Tagged: PEDs

Big Mac, Big Mistake

So the last time we saw Mark McGwire he was giving the worst possible answer to questions from Congress about steroids. And then he vanished without a trace, and the location of his supporters and defenders shrank to one area code in Missouri, and every day somebody hoped he’d figure it out: his reputation was shot anyway, he wasn’t going to the Hall of Fame, he had been given by fate a license to tell kids not to get involved with performance-enhancers and thus redeem much of his own unacceptable but easily forgiven perfidy.

Instead, crickets.
In March, that ludicrous “I’m not hear to talk about the past” announcement will have been five years ago.

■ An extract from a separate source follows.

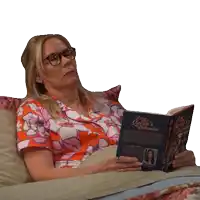 a woman laying on a bed reading a book titled the queen 's dilemma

And now we are informed that McGwire, who never had a reputation as much of a student of the game (although he was secretly tutoring several Cardinals including Skip Schumaker and Matt Holliday, and they swear by him), and who never addressed his past, will suddenly emerge from nowhere to coach the Cards’ hitters next season. 
Just a guess here, but he might get a question about PED’s from the media, and he might get an occasional taunt from the fans. Look, this isn’t going to be 1998 in terms of reportorial attention, and it’s not like hitting coaches run out to the plate as pitching coaches do to the mound so the booing will probably be at a minimum. But who thought this was a good idea, or one that won’t be mocked, debated, and questioned in every city except St. Louis? If Tony LaRussa feels the 2010 Cardinals will need a distraction from questions about their pitching, hitting, fielding, and team chemistry – he just provided it.
THE CURSE IS OVER
I congratulate the National League Champion Phillies who made it to the World Series without my help (snark) for the first time ever. There go any free tickets I might have gotten in the next few years. I’ll live.
I suspect the Yankees will win the Series in six, possibly five. I would expect the Phillies to pound A.J. Burnett mercilessly in Game Two but otherwise be largely thwarted by the Sabathia/Pettitte combo. A monster Series out of Dennis Werth, himself the stepson of a long-ago Yankee, would be the key to an upset.